Rubrique : perception, vision et photographie
Amusons-nous à nous mettre en lieu et temps d'un simple habitant de la cité de Florence, durant la Renaissance (disons pour être simple que nous sommes au début du 16ième siècle). L'homme va à l'église (...) et y voit quelques dizaines de représentations peintes illustrant les grands moments de l'Histoire chrétienne. S'il est amené à voyager dans la région, peut-être aura-t-il la chance de contempler des peintures dans les villages traversés. (...). On peut affirmer sans trop se tromper que durant sa vie entière, il n'aura croisé guère plus d'une centaine d'images différentes.
Essayons maintenant de recenser le nombre d'images vues par un français d'aujourd'hui, durant une seule de ses journées habituelles (images fixes): étiquettes, journaux, livres, publicités, vitrines de magasins, photographies "familiales"... Là encore, on prend peu de risques à avancer qu'au cours d'une seule de ses journées, cet individu aura croisé plusieurs centaines d'images différentes. Le citoyen d'aujourd'hui se trouve face à des images, qu'elles soient dessinées, peintes, photographiques ou numériques, dont le fonctionnement représentationnel n'est pas radicalement différent des peintures vues par le Florentin. Pour la plupart, c'est l'appareil perspectif qui ordonne la représentation: projection plane, point de vue unique, fixe et monoculaire.
L'homme d'aujourd'hui est donc immensément plus informé par la perspectiva artificialis que ne l'était l'homme de la Renaissance. Sa vie est infiniment plus liée aux représentations iconographiques. Ce constat évident nous appelle à poser la question suivante: si l'appareil perspectif n'est pas devenu caduc, malgré les profondes modifications de nos sociétés, est-ce parce qu'il est intimement lié à une vision "naturelle"?
Lorsque les artistes et les théoriciens du Quattrocento ont étudié la représentation graphique de l'espace tridimensionnel sur un plan, ils ont qualifié leur méthode de perspectiva artificialis, par opposition à la perspectiva naturalis. La perspective "naturelle", c'est la manière dont nous voyons, telle que la science optique et mathématique la révèle. La perspective des peintres est une méthode de représentation. Elle est "artificielle" en ce sens qu'elle est un artefact, un appareil. Ce qui nous intéresse ici, c'est le rapport qu'entretiennent les "deux perspectives"sachant que la question est loin d'être caduque tant l'actualité esthétique a vu resurgir ce débat (...).
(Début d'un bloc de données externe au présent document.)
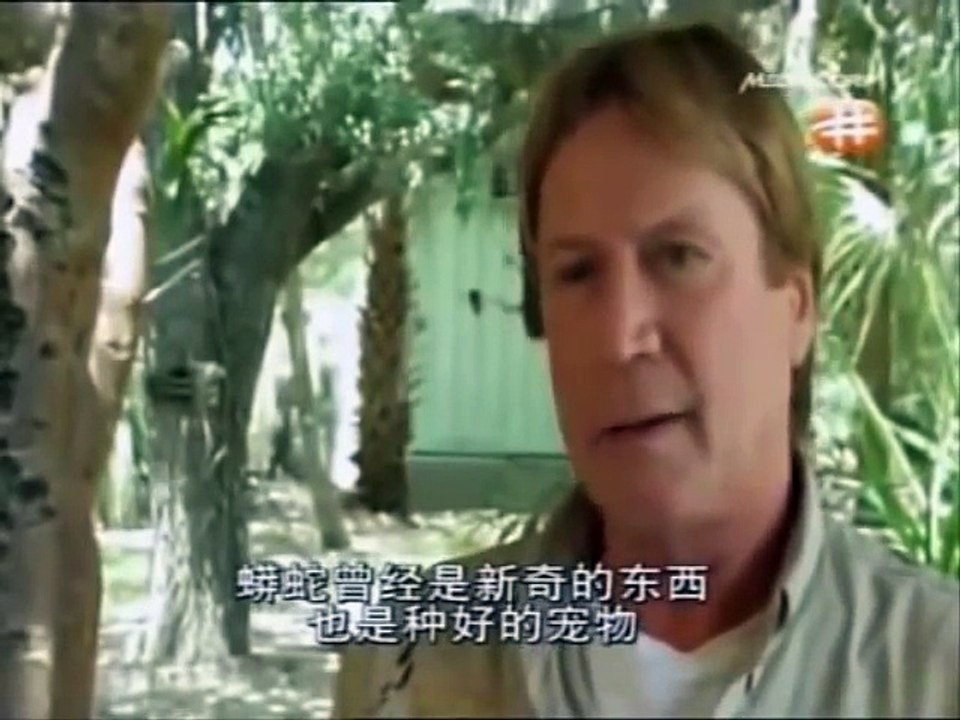 PYTHON The Legend Of the Deadly Reptile Documentary HD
L'objet principal du désaccord repose sur la réponse à la question de l'efficacité représentationnelle de la perspectiva artificialis et de son éventuel caractère "universel". (...). Deux camps principaux s'opposent: ceux pour qui la perspective renaissante est objectivement et universellement plus "naturaliste" que les autres perspectives (Gombrich, Danto, Pirenne...) et ceux pour qui elle est et restera conventionnelle ( White, Francastel, Panofsky, Damisch...).
La manière dont a été inventée et théorisée la perspective au Quattrocento introduit une corrélation nécessaire entre perspectiva artificialis et perspectiva naturalis. L'étude de l'optique à la Renaissance, avec la redécouverte d'Euclide, s'efforce de mettre à jour toutes les règles qui régissent la nature. La représentation du monde par les peintres ne peut que se soumettre à ces mêmes règles. L'outil commun est la géométrie. La théorie de l'art doit se donner pour mission de fournir aux artistes les règles scientifiques nécessaires.
C'est ce que fait Alberti lorsqu'il expose pour la première fois les rudiments techniques permettant de tracer une perspective correcte. Il accompagne son explication de cet argument scientifique déterminant; la méthode est la vraie méthode et ne saurait donc être ignorée. Représenter le monde qui nous entoure réclame de l'artiste une connaissance "scientifique" des lois qui le régisse. Ce qui est important ici, c'est qu'il était nécessaire pour lui d'affirmer cela. Sans justification scientifique, le bien-fondé du traité serait remis en cause. Sans ce lien avec l'ordre naturel, la légitimité esthétique de la mise en forme perspective perdrait de son évidence. Sans ce passage par l'apprentissage et la connaissance d'une règle de dessin qui répond à une loi universelle, appréhender la peinture comme un art libéral serait contestable.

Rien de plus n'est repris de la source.